New York, January 4, 2007-Burma has released CPJ Press Freedom Award winner Thaung Tun as part of a New Year amnesty for nearly 3,000 prisoners but six other journalists remain in jail.
“We applaud the release our colleague Thaung Tun, but we call on the Burmese government to free the six journalists still being held,” said Joel Simon, executive director of the Committee to Protect Journalists. “Burma’s military leaders continuously talk about moving toward democracy. Releasing the journalists still in detention would be a meaningful step in that direction.”
Thaung Tun, an editor, reporter, and poet more widely known by his pen name Nyein Thit, was sentenced to eight years in prison in October 1999 for his role in producing unauthorized video documentaries that portrayed the hardship of life in Burma under military rule. His work included stark footage of forced labor and impoverished conditions in rural areas.
He was freed along with nearly 3000 prisoners on Wednesday, including at least 20 who were imprisoned for political crimes, according to international press reports. CPJ awarded Thaung Tun and his videographer colleague Aung Pwint its International Press Freedom Awards in 2004 for their courage in upholding press freedom in a country that CPJ ranked as the second most censored in the world in 2006. Aung Pwint was released in July 2005.
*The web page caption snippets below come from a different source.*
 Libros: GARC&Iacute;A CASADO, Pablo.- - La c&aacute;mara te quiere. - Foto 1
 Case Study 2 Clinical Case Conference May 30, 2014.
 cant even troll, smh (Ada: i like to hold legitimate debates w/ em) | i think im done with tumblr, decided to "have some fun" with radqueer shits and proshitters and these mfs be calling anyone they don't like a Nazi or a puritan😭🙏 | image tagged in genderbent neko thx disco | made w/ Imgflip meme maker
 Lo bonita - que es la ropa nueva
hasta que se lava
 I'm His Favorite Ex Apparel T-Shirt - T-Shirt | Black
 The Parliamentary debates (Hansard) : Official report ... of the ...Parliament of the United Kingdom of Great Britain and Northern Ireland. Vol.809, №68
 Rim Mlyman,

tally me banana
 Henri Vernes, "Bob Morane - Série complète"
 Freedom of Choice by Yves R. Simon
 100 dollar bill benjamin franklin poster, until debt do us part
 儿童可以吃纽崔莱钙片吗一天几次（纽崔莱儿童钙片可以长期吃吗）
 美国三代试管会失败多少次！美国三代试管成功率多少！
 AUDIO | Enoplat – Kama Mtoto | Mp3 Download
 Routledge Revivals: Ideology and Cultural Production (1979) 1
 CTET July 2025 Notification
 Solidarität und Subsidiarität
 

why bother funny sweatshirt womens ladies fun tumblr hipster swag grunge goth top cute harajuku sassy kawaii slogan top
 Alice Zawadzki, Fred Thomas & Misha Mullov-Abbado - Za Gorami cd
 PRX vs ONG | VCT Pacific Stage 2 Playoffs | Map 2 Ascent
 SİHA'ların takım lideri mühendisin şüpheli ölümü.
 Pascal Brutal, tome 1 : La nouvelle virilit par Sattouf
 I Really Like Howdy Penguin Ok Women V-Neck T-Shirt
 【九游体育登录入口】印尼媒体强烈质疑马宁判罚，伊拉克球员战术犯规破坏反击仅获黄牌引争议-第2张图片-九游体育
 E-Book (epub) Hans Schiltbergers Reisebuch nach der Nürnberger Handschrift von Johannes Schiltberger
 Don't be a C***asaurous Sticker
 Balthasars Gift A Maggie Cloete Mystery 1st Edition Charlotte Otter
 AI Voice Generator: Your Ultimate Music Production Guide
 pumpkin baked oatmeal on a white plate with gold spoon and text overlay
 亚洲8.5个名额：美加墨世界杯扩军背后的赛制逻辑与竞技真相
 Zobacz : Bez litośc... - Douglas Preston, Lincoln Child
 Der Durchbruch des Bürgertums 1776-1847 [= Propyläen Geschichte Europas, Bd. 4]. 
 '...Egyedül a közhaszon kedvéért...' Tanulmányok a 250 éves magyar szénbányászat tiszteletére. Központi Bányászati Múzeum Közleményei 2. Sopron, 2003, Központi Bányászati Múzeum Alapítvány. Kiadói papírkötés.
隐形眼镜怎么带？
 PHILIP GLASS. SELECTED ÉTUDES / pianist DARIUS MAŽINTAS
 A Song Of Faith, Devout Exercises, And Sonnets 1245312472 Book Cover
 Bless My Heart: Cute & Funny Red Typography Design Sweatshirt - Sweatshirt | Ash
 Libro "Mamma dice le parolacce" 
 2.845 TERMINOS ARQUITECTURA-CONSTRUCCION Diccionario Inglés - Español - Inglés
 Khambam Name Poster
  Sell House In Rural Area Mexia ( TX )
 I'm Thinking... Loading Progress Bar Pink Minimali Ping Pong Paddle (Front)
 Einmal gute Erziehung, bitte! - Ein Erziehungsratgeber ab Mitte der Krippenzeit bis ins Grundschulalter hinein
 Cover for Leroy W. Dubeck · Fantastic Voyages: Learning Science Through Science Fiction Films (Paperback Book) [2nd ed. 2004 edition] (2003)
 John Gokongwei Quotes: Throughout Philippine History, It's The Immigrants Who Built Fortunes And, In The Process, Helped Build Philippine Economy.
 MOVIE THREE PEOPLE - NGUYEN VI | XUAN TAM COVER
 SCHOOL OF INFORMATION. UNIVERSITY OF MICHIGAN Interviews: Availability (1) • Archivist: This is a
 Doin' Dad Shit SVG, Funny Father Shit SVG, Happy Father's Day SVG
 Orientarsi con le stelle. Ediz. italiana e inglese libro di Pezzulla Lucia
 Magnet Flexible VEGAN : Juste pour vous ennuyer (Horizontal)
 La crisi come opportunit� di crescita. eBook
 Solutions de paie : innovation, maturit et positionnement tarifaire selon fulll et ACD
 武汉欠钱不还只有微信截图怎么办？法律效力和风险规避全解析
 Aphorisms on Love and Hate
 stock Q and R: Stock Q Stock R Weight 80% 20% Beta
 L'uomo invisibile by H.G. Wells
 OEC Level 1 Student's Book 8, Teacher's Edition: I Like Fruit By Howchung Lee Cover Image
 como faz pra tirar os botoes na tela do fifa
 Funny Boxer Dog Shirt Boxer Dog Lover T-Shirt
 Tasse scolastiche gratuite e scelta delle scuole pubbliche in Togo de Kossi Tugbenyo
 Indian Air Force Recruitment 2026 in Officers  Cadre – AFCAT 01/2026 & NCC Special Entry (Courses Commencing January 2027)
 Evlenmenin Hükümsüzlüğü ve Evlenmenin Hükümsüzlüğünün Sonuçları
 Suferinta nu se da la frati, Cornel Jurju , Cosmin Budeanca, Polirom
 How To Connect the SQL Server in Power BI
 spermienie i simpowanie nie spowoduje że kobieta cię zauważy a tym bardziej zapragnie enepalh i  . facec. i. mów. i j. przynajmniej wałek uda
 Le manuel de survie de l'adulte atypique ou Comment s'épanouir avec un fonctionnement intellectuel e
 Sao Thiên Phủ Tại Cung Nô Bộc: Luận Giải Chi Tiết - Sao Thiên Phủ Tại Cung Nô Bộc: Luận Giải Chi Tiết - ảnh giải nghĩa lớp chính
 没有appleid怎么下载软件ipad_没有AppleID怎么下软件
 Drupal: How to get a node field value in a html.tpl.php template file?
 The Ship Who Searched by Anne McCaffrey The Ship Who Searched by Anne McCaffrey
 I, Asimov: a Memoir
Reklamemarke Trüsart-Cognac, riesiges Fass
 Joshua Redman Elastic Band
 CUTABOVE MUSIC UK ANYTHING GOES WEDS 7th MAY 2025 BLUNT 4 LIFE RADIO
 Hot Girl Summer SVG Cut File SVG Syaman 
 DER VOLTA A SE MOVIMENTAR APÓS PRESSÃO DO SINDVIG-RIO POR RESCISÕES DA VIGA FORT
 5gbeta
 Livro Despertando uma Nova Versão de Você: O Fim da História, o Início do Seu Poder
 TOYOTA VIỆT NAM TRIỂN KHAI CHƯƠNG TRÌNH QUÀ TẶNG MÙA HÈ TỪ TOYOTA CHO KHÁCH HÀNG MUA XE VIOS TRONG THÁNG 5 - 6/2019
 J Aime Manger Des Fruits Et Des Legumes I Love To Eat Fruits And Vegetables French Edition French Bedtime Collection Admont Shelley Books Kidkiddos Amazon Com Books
Before Thaung Tun’s release, Burma was the fifth leading jailer of journalists in the world, according to recent CPJ research. Among those imprisoned is 77-year-old U Win Tin, who has served more than 17 years on various antistate charges. Most recently, the military junta sentenced journalists Thaung Sein and Ko Kyaw Thwin to three years in prison in March 2005 for videotaping on the outskirts of the country’s restricted new capital, Pyinmana.
The country’s already abysmal prison conditions have worsened since prison monitoring by the International Committee of the Red Cross was curtailed by the government in December 2005, according to the Assistance Association for Political Prisoners in Burma, which is based in neighboring Thailand.
Two other CPJ Press Freedom Award recipients remain in jail. Shi Tao, an editor for Dangdai Shang Bao who was honored in 2005, is serving a 10-year sentence in China on charges of “leaking state secrets abroad.” In Eritrea, Fesshaye “Joshua” Yohannes, publisher and founding editor of Setit, was jailed in September 2001 as part of crackdown on the private press. Little is known of his whereabouts or state of health. He was awarded a CPJ International Press Freedom Award in 2002.